BEGIN Supplied records

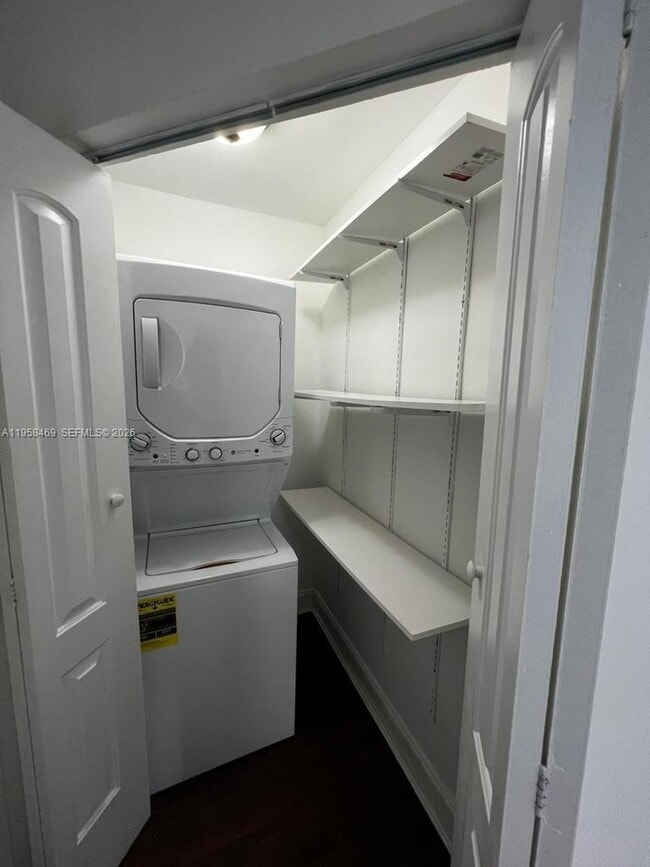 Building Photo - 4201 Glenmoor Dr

END Supplied records
BEGIN Supplied records

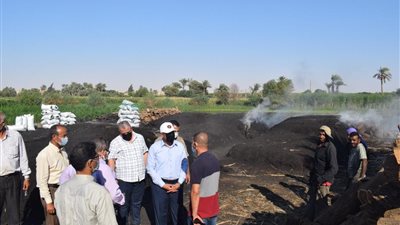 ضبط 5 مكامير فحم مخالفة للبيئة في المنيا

END Supplied records
BEGIN Supplied records

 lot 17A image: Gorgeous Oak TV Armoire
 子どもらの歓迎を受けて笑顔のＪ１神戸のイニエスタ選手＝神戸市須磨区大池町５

END Supplied records

• **Exercise**
Every line above from the line with "lot 17A image: Gorgeous Oak TV Armoire" to the line with "子どもらの歓迎を受けて笑顔のＪ１神戸のイニエスタ選手＝神戸市須磨区大池町５", inclusive, must be returned exactly; no other line belongs in the reply.

• **Exercise solution**
 lot 17A image: Gorgeous Oak TV Armoire
 子どもらの歓迎を受けて笑顔のＪ１神戸のイニエスタ選手＝神戸市須磨区大池町５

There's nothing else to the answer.